On the other hand, the phase diagram of Ti-43Al-Cr reported by Shaaban et al. [22] reveals that when the Cr content is maintained below approximately 1.7%, the β phase exists in the high-temperature region but disappears at low temperatures. This suggests that the alloy is forgeable and the β phase can be eliminated through subsequent heat treatment. Nevertheless, the temperature range over which the β phase exists in this phase diagram is extremely high (approximately 1400 °C and above), making forging with general-purpose industrial equipment challenging. Therefore, to realize the behavior indicated by this phase diagram, namely, enabling forging while subsequently removing the β phase through heat treatment, the β phase stability range must be shifted to lower temperatures.
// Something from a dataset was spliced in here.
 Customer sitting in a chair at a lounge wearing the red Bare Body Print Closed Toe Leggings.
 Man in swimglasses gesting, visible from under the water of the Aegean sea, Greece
Furthermore, as mentioned above, cast TiAl4822 is currently used extensively in jet engine blades. However, future engines are expected to operate at higher temperatures, which necessitates improved creep strength. To this end, reducing the Al content may contribute by increasing the proportion of the harder α₂ phase.

In view of the above considerations, the following three investigations were conducted in this study. At first, (i) using samples of binary TiAl alloys with fully lamellar structures, the effects of the α₂ phase ratio and spacing on impact resistance at 25 and 800 °C (the expected maximum temperature in next-generation engines) were assessed, while also confirming the impact resistance levels of low-Al TiAl alloys. Next, (ii) the property changes associated with reducing the Al and Cr contents in Cr-containing forged alloys were investigated. A decrease in Al concentration is expected to lower the temperature range in which the β phase exists, thereby enabling forging on general-purpose equipment. A reduction in Cr content is expected to eliminate the harmful β phase through heat treatment. Finally, (iii) the impact resistance and creep strength of cast TiAl4822 with reduced Al content were investigated.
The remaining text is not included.